Records from a dataset:
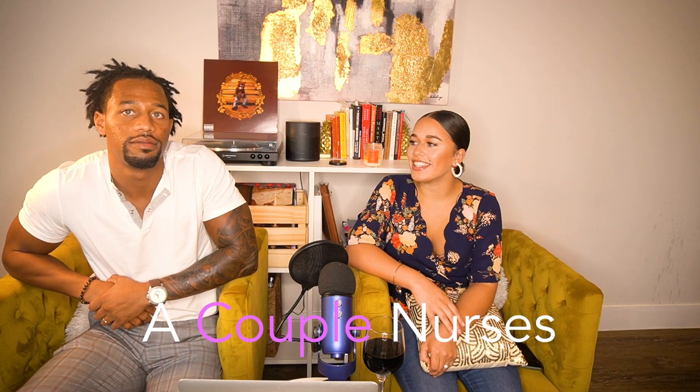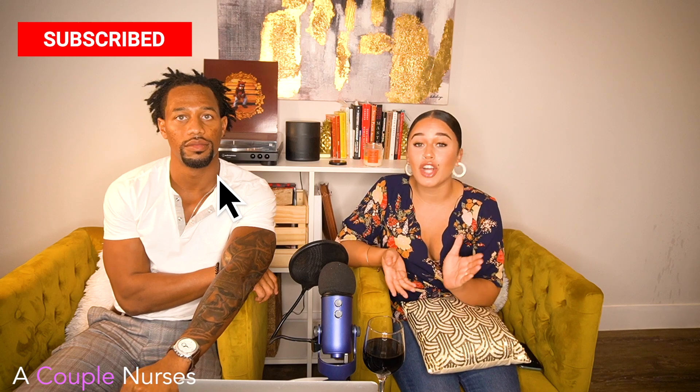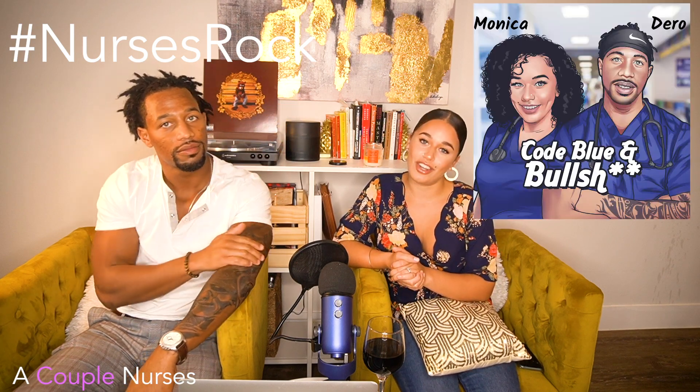Hey guys, welcome to A Couple Nurses. Thanks for tuning in, thanks for all the support. We're doing it a little bit different today — we've changed up our style. We have our podcast episode as well. So now not only are y'all having video access to our topics, but also on our Code Blue and Bullshit, you can find us on Spotify or on iTunes. If you're driving, working out, or just like to listen, now you have them at your disposal.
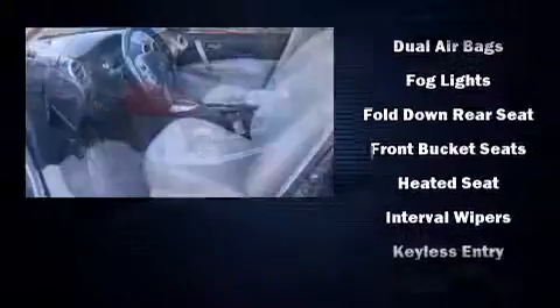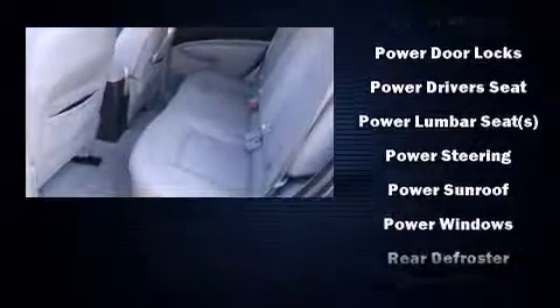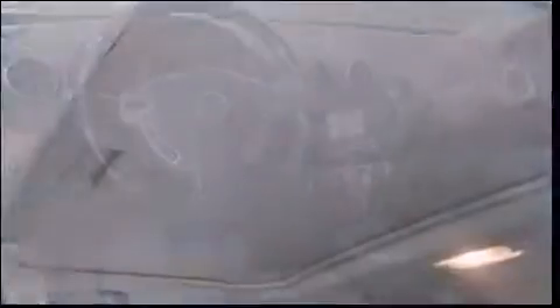Nissan also prioritized safety and security by including dual front impact airbags with occupant sensing airbag, head curtain airbags, and four-wheel disc brakes with ABS. A Carfax history report indicates just one previous owner.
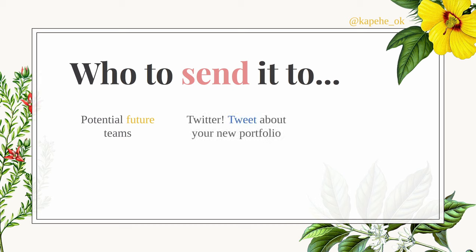Tweet about your new portfolio — there's no shame in tweeting about your stuff. If you built your portfolio, I want to see it. Tweet it out. And a really cool thing: if you have new content, you can tweet 'latest YouTube video out' and put the link to your portfolio rather than directly to YouTube. Then viewers can see all your other content too. So definitely tweet about it.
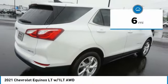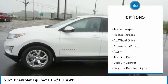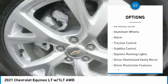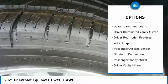This vehicle has less than 100 miles. Here are some of this vehicle's great options: tire pressure monitor, turbocharged, heated mirrors, all-wheel drive, aluminum wheels, alarm, traction control, stability control, daytime running lights, and driver illuminated vanity mirror.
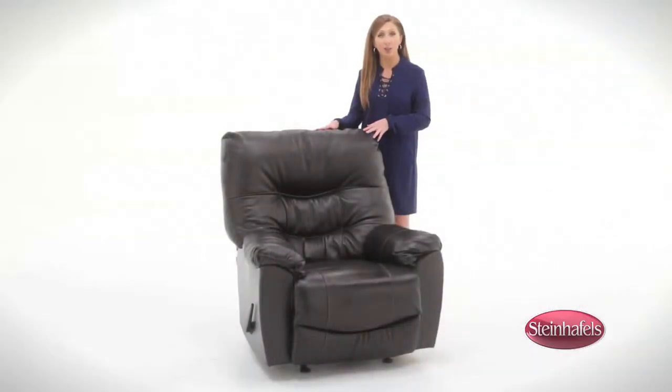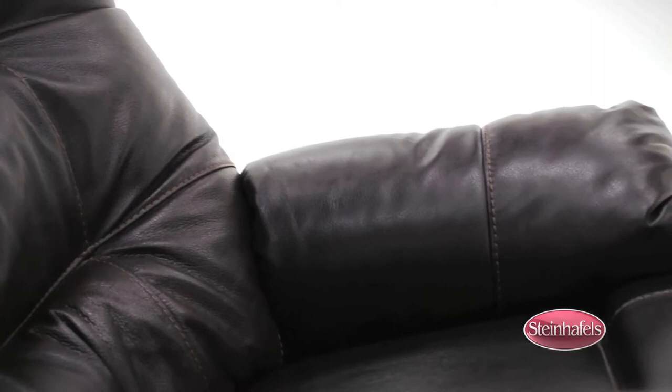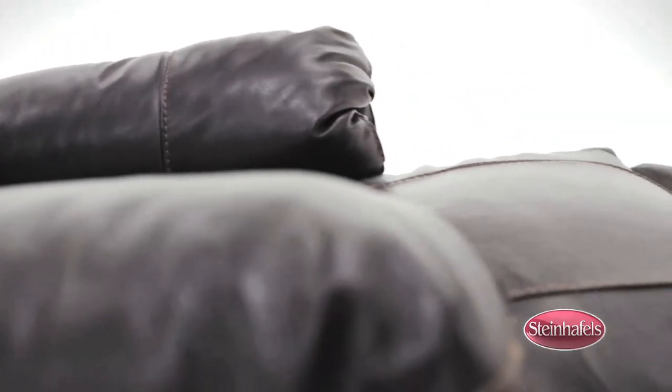The Trilogy is upholstered in a rich leather and has gel-infused foam cushions for extra comfort. The sinuous spring base with cross wires offers additional support, and the Chase footrest features continuous no-gap comfort from seat to toe.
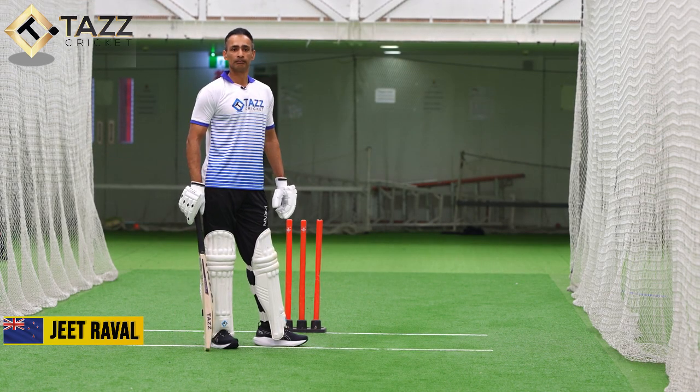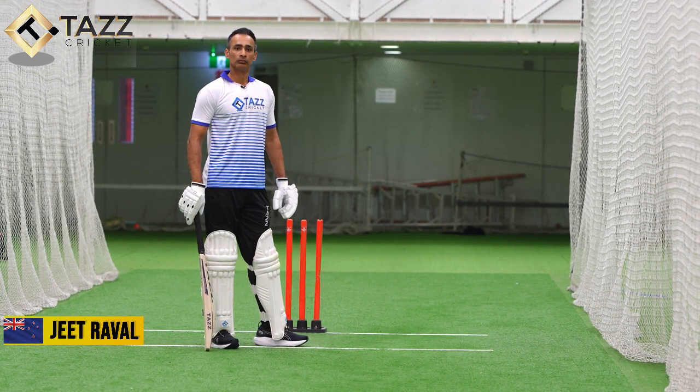Ajit, the question is around facing a bowler quicker than you usually face — someone bowling close to 150km/h. What adjustments do you make?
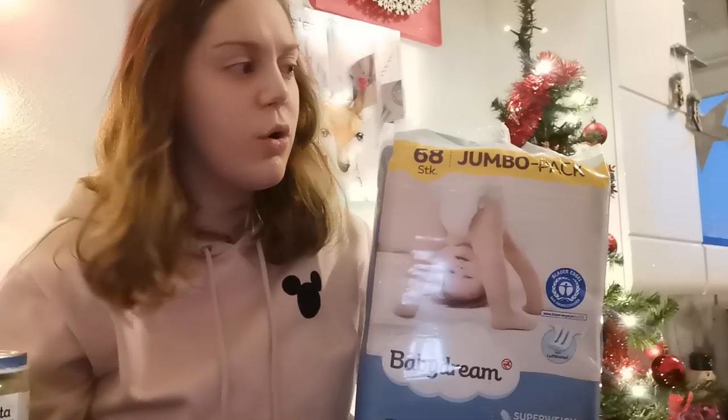Dann natürlich Windeln. Wieder ein Jumbo-Pack, weil die brauchen sich auch immer recht schnell auf. Ich würde mal so sagen, zwei Wochen hält das Ganze. Das sind 68 Stück. Sie nimmt so vier bis fünf Windeln am Tag, und damit kommen wir ungefähr zwei Wochen hin, vielleicht auch länger. Mathe und ich, wir werden glaube ich nie Freunde.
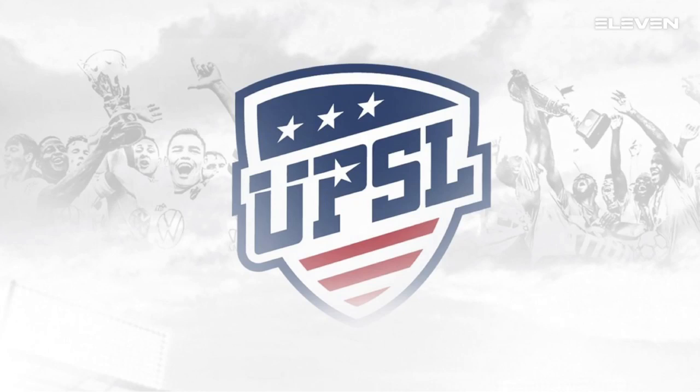This is the Atlantic Soccer Media Group, bringing you UPSL soccer coverage from the Georgia Premier Division, live on 11 Sports.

• _Action item_: Your answer must be an exact copy of the records, minus any pictures.

• _Task answer_:
Hey guys, welcome to A Couple Nurses. Thanks for tuning in, thanks for all the support. We're doing it a little bit different today — we've changed up our style. We have our podcast episode as well. So now not only are y'all having video access to our topics, but also on our Code Blue and Bullshit, you can find us on Spotify or on iTunes. If you're driving, working out, or just like to listen, now you have them at your disposal.
Nissan also prioritized safety and security by including dual front impact airbags with occupant sensing airbag, head curtain airbags, and four-wheel disc brakes with ABS. A Carfax history report indicates just one previous owner.
Tweet about your new portfolio — there's no shame in tweeting about your stuff. If you built your portfolio, I want to see it. Tweet it out. And a really cool thing: if you have new content, you can tweet 'latest YouTube video out' and put the link to your portfolio rather than directly to YouTube. Then viewers can see all your other content too. So definitely tweet about it.
This vehicle has less than 100 miles. Here are some of this vehicle's great options: tire pressure monitor, turbocharged, heated mirrors, all-wheel drive, aluminum wheels, alarm, traction control, stability control, daytime running lights, and driver illuminated vanity mirror.
The Trilogy is upholstered in a rich leather and has gel-infused foam cushions for extra comfort. The sinuous spring base with cross wires offers additional support, and the Chase footrest features continuous no-gap comfort from seat to toe.
Ajit, the question is around facing a bowler quicker than you usually face — someone bowling close to 150km/h. What adjustments do you make?
Dann natürlich Windeln. Wieder ein Jumbo-Pack, weil die brauchen sich auch immer recht schnell auf. Ich würde mal so sagen, zwei Wochen hält das Ganze. Das sind 68 Stück. Sie nimmt so vier bis fünf Windeln am Tag, und damit kommen wir ungefähr zwei Wochen hin, vielleicht auch länger. Mathe und ich, wir werden glaube ich nie Freunde.
This is the Atlantic Soccer Media Group, bringing you UPSL soccer coverage from the Georgia Premier Division, live on 11 Sports.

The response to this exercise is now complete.